Automated Generation of Animated 3D Facial Meshes
A Photogrammetry and Deformation Transfer-Based Model

Abstract

Virtual reality (VR)'s recent, long expected breakthrough to the consumer market has enabled industry to deliver highly immersive experiences to consumers. However, creating photorealistic assets for such experiences is time consuming and requires a high level of expertise. To provide a remedy for this burden, this thesis presents a fully automated and validated model for the generation of animated 3D facial meshes, using photogrammetry and deformation transfer. Using a set of multi-camera photographs of a neutral face, we acquire facial geometry and appearance. Subsequent landmarking and ICP registration provide direct correspondence of the acquired facial mesh and an existing template. Then, using deformation transfer, we transfer existing blendshapes from template source to the obtained facial mesh. To assess the pipeline's effectiveness, we have conducted a set of user experiments.
The results show that the automatically produced facial meshes faithfully represent subjects and can convey highly believable emotions. Compared to manual modeling and animation, the pipeline is more than 100x faster and produces results compatible with industry standard game engines, without any manual post-processing. As such, this thesis introduces a unique, fully automated, photogrammetry and deformation transfer-induced model for the generation of animated 3D facial meshes. On the one hand, this model can be expected to have both significant commercial and scientific impact. On the other hand, the model allows sufficient space for future improvement and tailoring.

Overview

(a) Mesh acquisition. We obtain multi-camera view of a person with a camera rig. Using the resulting photos, we first create dense point cloud, and then the triangle mesh.
(b) Mesh cleaning. We simplify, clean, and compute UV-mapping.
(c) Mesh texturing. We obtain the color of the surface by blending intensities from each photograph.
(d) Correspondence construction. We calculate the correspondence between the acquired mesh and the existing fully animated template mesh by using automatic landmarking and ICP registration algorithm.
(e) Blendshape transfer. Finally, we transfer blendshape animations from template to the newly created mesh based on the constructed correspondence.

This paper makes a systemic contribution by establishing and describing a complete pipeline for the creation of a digital face model suitable for VR by using photogrammetry and automatic animation of this model by deformation transfer. Photogrammetry allows us to achieve photorealistic quality, while transferred animations bring full spectre of emotional facial expressions.

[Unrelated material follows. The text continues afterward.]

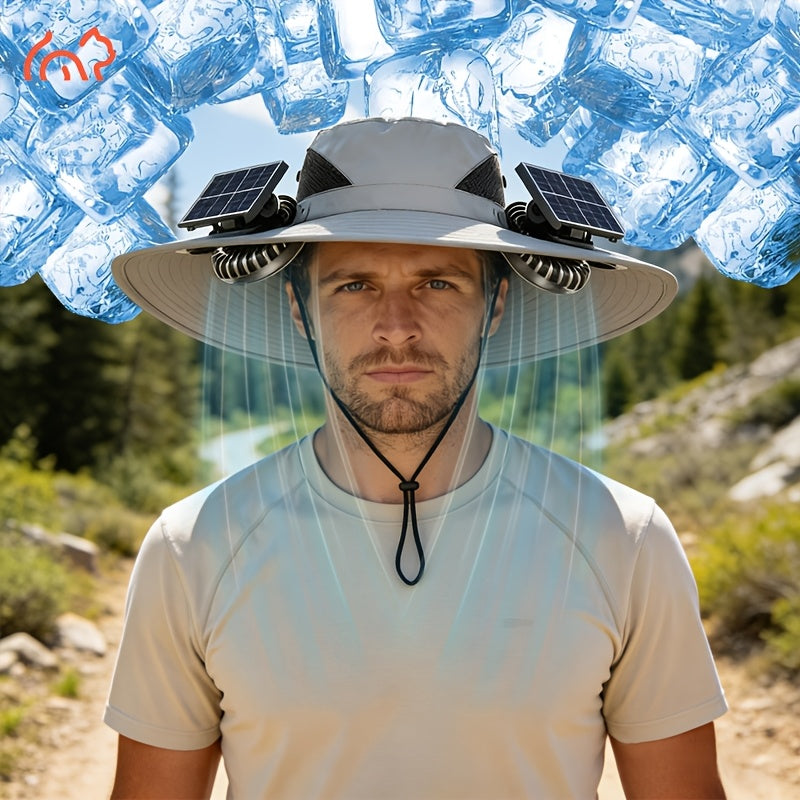 Solar Fan Hat with Dual Fans & USB Charging for Men & Women – Wide Brim Cooling Cap with Long Battery Life for Camping, Hiking, Fishing, Gardening & Outdoor Activities, Black, Dark Gray & Khaki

The paper also makes scientific contribution by conducting user experiments evaluating the proposed method.

Photogrammetry

Using photogrammetry, we acquire facial geometry and appearance.

Deformation Transfer

Using automatical landmarking and ICP registration algorithm, we obtain direct correspondence of the acquired facial mesh and the existing template. Then, using deformation transfer, we transfer existing blendshapes from the template to our new mesh. Note: the bottom row mesh in this image was not obtained by our setup.

Results

Synthesized views and untextured models (every second row), for viewpoints different from the original camera images, across subjects of varying appearance. First column shows original photogrammetrically obtained meshes (neutral face), while three other columns show synthesized poses. The weights of blendshapes for poses of the same emotions are the same across subjects.

Manual Posing

Future work

The model allows sufficient space for future improvement and tailoring:

Conclusions

We have presented a new technique for automatic creation of rigged facial meshes based on a set of multi-cameras photos of a neutral face. First, using photogrammetry, we obtain a mesh we acquire facial geometry and appearance. Using automatical landmarking and ICP registration algorithm, we obtain direct correspondence of the acquired facial mesh and the existing template. Then, using deformation transfer, we transfer existing blendshapes from the template to our new mesh.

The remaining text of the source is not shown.